Lately, two of the Dow's tech giants, Hewlett-Packard (NYSE:HPQ) and Intel (NASDAQ:INTC), have been vying for investors' attention as they both strive to remain relevant in a rapidly evolving technology industry. HP gained 1.3% this morning as shareholders continue to consider whether its recent plunge, which followed a multibillion-dollar writedown of its Autonomy acquisition, is truly a value opportunity. As Fool contributor Anders Bylund detailed last Friday, details of the entire episode continue to surface, confirming the doubts many analysts had about the deal all along.
Meanwhile, Intel is flat after having been up strongly earlier in the session. By all standard value measures, Intel looks extremely cheap as it maneuvers to become one of the top-yielding stocks in the Dow. Yet the stock trades at 52-week lows precisely because investors aren't convinced that Intel isn't in a state of perpetual decay. Intel needs to push out advances on the mobile side of the business to convince shareholders that the stock deserves full value for its current earnings.
Finally, Alcoa (NYSE:AA) fell about 0.4%. With both Alcoa and Caterpillar (NYSE:CAT) being especially sensitive to economic fluctuations given their heavy-industrial focus, it's not surprising to see the two stocks mixed today, with Caterpillar climbing a bit.

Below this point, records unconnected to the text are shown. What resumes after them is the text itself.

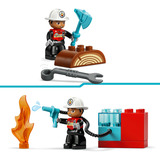 LEGO DUPLO Town Camión de bomberos con manguera y bombero, Juegos de construcción 
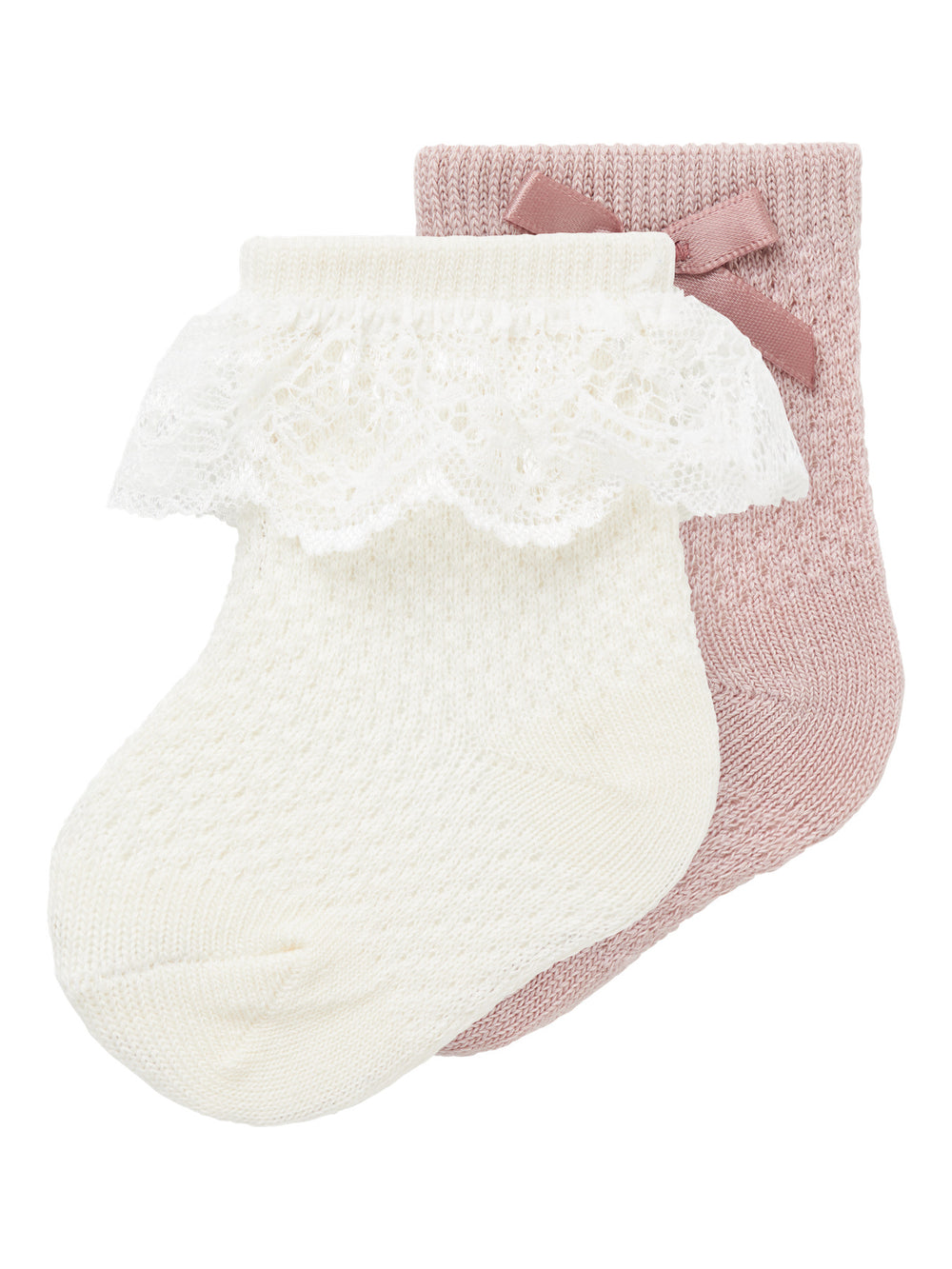 name it baby WOOL WAKMA STRUCTURE 2PK SOCK - Shadow Gray - Torgunns Barneklær AS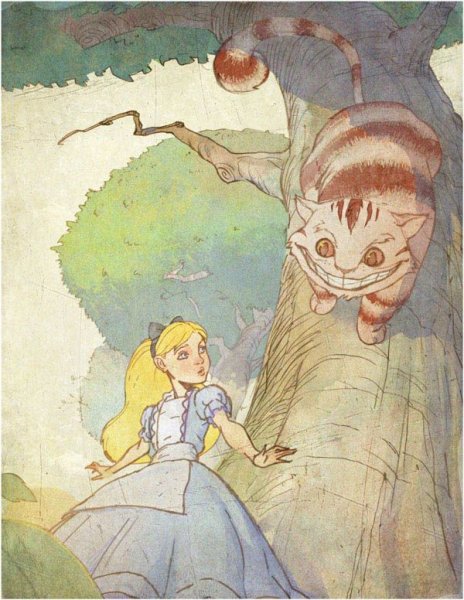 Рисунок к книге Алиса в стране чудес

Both companies are increasingly dependent on economic activity not just in the U.S., but throughout the world, so it's important to note that when U.S. data is in conflict with what's happening elsewhere across the globe, you can't simply expect Caterpillar and Alcoa to sell off. In the longer term, their success relies not only on macroeconomics, but also on their particular abilities to execute and take advantage of whatever conditions they face.